It takes a sharp eye, especially in short film, to create a film from a child’s perspective and have it appeal to all audiences. In a few short minutes, however, POSSUM (Dave Whitehead, 2016) manages to view a first trip to the woods and hunt for a menacing creature through children’s eyes, focusing on the joy of the chase and the excitement of the wilds that helps adults reimagine the joys of their youth.
Somewhere in rural New Zealand, two young brothers go with the father (a nice turn by Taungaroa Emile) up the mountain on a camping trip. Nathan (the older child) is somewhat dismissive of his younger brother David, who is– to him– a bit of a whiner and a crybaby, like younger brothers always are. The first night, their dad’s friend tells the two boys about a mean possum named Scar, who’s old and ornery and a bit dangerous. When something visits their tent at night, they are fairly convinced that it is Scar, stalking and hunting them. As their dad chops wood out in the bush, Nathan and Daniel search out Scar to take him out.
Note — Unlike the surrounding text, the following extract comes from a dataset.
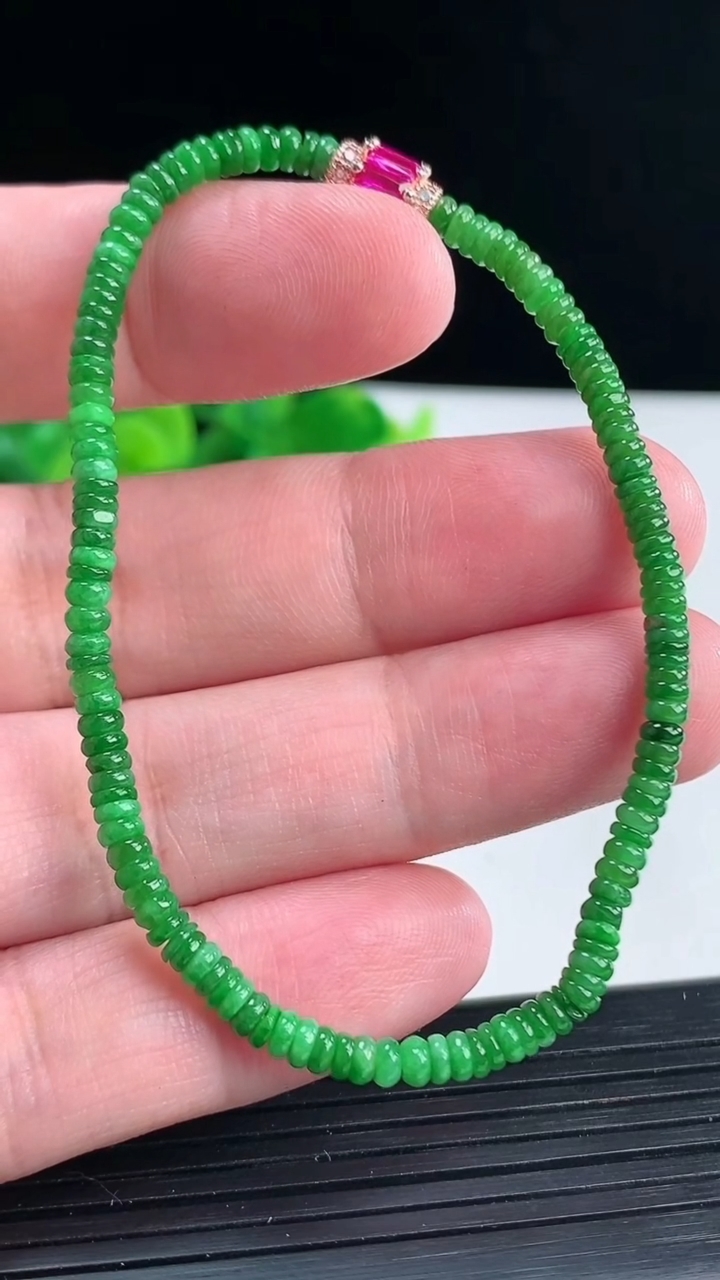 天然A货翡翠算盘珠手串 尺寸3.5重量:4.91g4月12日
工厂直销收藏佳品,种好水足，色泽均匀，有种有色，上手高大气！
Two elements of this film make it incredibly charming: its child actors and its embrace of the fantastic. Duane Evans Jr. and Te Ahitaewa Hakaraia-Hosking make for two excellent brothers, they bicker and play with each other like pros, and their search for Scar evokes memories of childhood trips of the past. Moreover, we get Scar point of view shots, puppet-like shadows of elk, and most importantly, a charming Scar animatronic that is made of a child’s imagination. And of course, the New Zealand woods are beautiful and slightly dangerous, threading that line between awe and fear that usually creates children’s worlds. Between the vast, sweeping landscape that makes New Zealand both massively gorgeous and strangely familiar and the sweet brotherly affective of two young boys, POSSUM earns its place a charming coming of age moment that never becomes saccharine or cliché.